◆ WHAT NEEDS TO BE DONE ◆
When you reach the line that contains "woman reading food" in the data below, start reproducing lines exactly, and stop after the line that contains "a view of a".

#### DATA SHOWN ####

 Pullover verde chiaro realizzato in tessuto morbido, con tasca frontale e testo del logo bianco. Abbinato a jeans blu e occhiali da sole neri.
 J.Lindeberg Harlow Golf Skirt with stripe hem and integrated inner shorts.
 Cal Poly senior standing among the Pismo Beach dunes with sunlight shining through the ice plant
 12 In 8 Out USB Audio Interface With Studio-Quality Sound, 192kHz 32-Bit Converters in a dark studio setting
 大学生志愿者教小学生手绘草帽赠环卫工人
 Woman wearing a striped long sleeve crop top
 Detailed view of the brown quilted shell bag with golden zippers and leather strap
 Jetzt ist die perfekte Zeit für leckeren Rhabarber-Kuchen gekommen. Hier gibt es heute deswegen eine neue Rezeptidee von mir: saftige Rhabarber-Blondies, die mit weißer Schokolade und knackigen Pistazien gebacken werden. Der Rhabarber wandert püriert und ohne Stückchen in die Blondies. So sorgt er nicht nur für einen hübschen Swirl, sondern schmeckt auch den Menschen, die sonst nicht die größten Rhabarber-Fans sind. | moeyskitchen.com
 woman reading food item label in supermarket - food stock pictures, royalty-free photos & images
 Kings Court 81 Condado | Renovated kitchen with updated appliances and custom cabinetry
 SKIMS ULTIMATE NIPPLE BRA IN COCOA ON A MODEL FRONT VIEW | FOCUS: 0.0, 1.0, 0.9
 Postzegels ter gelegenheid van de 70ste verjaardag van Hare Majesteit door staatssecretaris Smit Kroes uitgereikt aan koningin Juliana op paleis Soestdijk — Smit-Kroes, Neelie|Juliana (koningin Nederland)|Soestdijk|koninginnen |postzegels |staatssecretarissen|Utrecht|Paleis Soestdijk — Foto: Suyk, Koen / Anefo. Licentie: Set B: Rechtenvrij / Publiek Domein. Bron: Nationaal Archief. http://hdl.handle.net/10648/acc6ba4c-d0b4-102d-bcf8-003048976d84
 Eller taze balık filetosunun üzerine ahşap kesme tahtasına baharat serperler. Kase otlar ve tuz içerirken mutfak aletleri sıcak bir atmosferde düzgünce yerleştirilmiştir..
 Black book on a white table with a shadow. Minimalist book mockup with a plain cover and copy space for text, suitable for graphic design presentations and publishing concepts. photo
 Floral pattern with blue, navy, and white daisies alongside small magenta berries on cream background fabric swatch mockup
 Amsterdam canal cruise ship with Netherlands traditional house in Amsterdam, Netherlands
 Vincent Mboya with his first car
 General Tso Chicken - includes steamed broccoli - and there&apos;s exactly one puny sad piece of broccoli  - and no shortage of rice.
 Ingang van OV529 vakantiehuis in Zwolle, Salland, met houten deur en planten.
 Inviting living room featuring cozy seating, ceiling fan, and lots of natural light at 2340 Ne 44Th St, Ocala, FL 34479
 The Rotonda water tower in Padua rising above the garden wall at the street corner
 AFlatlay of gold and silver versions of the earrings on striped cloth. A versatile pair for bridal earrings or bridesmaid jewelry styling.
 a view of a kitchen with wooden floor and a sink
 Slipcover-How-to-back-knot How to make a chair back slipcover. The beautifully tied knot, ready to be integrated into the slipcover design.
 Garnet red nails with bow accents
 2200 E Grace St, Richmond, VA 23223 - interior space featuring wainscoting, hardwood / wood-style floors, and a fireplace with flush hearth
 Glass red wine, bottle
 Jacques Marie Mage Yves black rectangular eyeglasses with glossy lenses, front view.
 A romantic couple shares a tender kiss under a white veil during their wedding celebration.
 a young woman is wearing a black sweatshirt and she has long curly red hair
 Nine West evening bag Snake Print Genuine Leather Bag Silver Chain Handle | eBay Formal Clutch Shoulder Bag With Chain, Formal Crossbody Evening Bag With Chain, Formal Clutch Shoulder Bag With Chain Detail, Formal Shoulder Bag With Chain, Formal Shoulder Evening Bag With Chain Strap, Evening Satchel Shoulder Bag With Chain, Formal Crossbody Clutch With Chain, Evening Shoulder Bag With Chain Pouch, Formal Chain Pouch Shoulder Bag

####

◆ ANSWER SPACE ◆
 woman reading food item label in supermarket - food stock pictures, royalty-free photos & images
 Kings Court 81 Condado | Renovated kitchen with updated appliances and custom cabinetry
 SKIMS ULTIMATE NIPPLE BRA IN COCOA ON A MODEL FRONT VIEW | FOCUS: 0.0, 1.0, 0.9
 Postzegels ter gelegenheid van de 70ste verjaardag van Hare Majesteit door staatssecretaris Smit Kroes uitgereikt aan koningin Juliana op paleis Soestdijk — Smit-Kroes, Neelie|Juliana (koningin Nederland)|Soestdijk|koninginnen |postzegels |staatssecretarissen|Utrecht|Paleis Soestdijk — Foto: Suyk, Koen / Anefo. Licentie: Set B: Rechtenvrij / Publiek Domein. Bron: Nationaal Archief. http://hdl.handle.net/10648/acc6ba4c-d0b4-102d-bcf8-003048976d84
 Eller taze balık filetosunun üzerine ahşap kesme tahtasına baharat serperler. Kase otlar ve tuz içerirken mutfak aletleri sıcak bir atmosferde düzgünce yerleştirilmiştir..
 Black book on a white table with a shadow. Minimalist book mockup with a plain cover and copy space for text, suitable for graphic design presentations and publishing concepts. photo
 Floral pattern with blue, navy, and white daisies alongside small magenta berries on cream background fabric swatch mockup
 Amsterdam canal cruise ship with Netherlands traditional house in Amsterdam, Netherlands
 Vincent Mboya with his first car
 General Tso Chicken - includes steamed broccoli - and there&apos;s exactly one puny sad piece of broccoli  - and no shortage of rice.
 Ingang van OV529 vakantiehuis in Zwolle, Salland, met houten deur en planten.
 Inviting living room featuring cozy seating, ceiling fan, and lots of natural light at 2340 Ne 44Th St, Ocala, FL 34479
 The Rotonda water tower in Padua rising above the garden wall at the street corner
 AFlatlay of gold and silver versions of the earrings on striped cloth. A versatile pair for bridal earrings or bridesmaid jewelry styling.
 a view of a kitchen with wooden floor and a sink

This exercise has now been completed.